Entries taken from a collection
★ ★ ★
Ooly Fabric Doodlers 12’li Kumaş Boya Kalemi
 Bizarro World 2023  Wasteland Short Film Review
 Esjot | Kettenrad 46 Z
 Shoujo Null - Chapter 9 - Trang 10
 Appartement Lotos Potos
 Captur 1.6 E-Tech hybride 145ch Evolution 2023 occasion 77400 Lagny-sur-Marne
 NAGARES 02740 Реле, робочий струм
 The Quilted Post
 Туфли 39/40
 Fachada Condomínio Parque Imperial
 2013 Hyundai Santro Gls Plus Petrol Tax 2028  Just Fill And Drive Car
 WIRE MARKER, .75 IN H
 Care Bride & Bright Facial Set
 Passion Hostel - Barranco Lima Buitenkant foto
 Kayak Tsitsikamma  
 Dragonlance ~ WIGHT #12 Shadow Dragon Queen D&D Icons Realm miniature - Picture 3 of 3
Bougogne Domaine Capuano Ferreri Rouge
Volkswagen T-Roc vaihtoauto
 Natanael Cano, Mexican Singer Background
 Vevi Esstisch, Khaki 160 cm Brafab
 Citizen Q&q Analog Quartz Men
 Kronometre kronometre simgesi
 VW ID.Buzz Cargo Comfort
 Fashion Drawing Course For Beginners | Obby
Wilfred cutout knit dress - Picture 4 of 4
★ ★ ★
* **BRIEF**: Reproduce the entries exactly as they appear.

* **EXERCISE RESPONSE**:
Ooly Fabric Doodlers 12’li Kumaş Boya Kalemi
 Bizarro World 2023  Wasteland Short Film Review
 Esjot | Kettenrad 46 Z
 Shoujo Null - Chapter 9 - Trang 10
 Appartement Lotos Potos
 Captur 1.6 E-Tech hybride 145ch Evolution 2023 occasion 77400 Lagny-sur-Marne
 NAGARES 02740 Реле, робочий струм
 The Quilted Post
 Туфли 39/40
 Fachada Condomínio Parque Imperial
 2013 Hyundai Santro Gls Plus Petrol Tax 2028  Just Fill And Drive Car
 WIRE MARKER, .75 IN H
 Care Bride & Bright Facial Set
 Passion Hostel - Barranco Lima Buitenkant foto
 Kayak Tsitsikamma  
 Dragonlance ~ WIGHT #12 Shadow Dragon Queen D&D Icons Realm miniature - Picture 3 of 3
Bougogne Domaine Capuano Ferreri Rouge
Volkswagen T-Roc vaihtoauto
 Natanael Cano, Mexican Singer Background
 Vevi Esstisch, Khaki 160 cm Brafab
 Citizen Q&q Analog Quartz Men
 Kronometre kronometre simgesi
 VW ID.Buzz Cargo Comfort
 Fashion Drawing Course For Beginners | Obby
Wilfred cutout knit dress - Picture 4 of 4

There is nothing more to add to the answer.